Who do these standards apply to
The primary obligation under these standards sits with manufacturers and other economic operators who are required to issue a DPP under the ESPR, as well as with the DPP platforms and the central EU DPP registry that store and manage passport data.
The ESPR itself does not apply to all product categories at once. The Commission is rolling out DPP requirements product group by product group through delegated acts. The first product categories in scope include batteries (already covered by a separate regulation), textiles, electronics, furniture, steel, aluminium, and tyres. Companies in these sectors should treat the publication of these standards as a signal that the technical infrastructure is now in place and that DPP compliance timelines are becoming real.
What is not yet available
The standards are not yet available for purchase. National standardisation bodies have six months from 27 May 2026 to implement them at national level, meaning they will become accessible through bodies. The European Commission is also still defining the rules on access rights, specifically which categories of people and organisations will have access to which parts of DPP data, based on the concept of legitimate interest.
What this means for your business
If your company manufactures or places products on the EU market in any of the ESPR priority sectors, now is the time to assess how your current product data management processes will connect to a future DPP system.
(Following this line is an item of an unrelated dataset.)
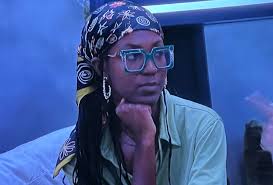 T'kor's arms hurt after the comp and Brooklyn makes fun of T'kor by calling  her grandma. Just yesterday T'kor overheard Brooklyn and Chelsie say she  would be the first to drop. Well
The standards published on 27 May 2026 define exactly how data must be structured, stored, exchanged, and identified within a DPP. Reviewing these requirements now will help you plan system changes and avoid integration problems later.
If you use compliance data management systems to collect and manage material or substance data across your supply chain, you should also check with your system providers how they plan to support DPP data exchange requirements, in particular the data exchange and interoperability standards EN 18216 and EN 18223.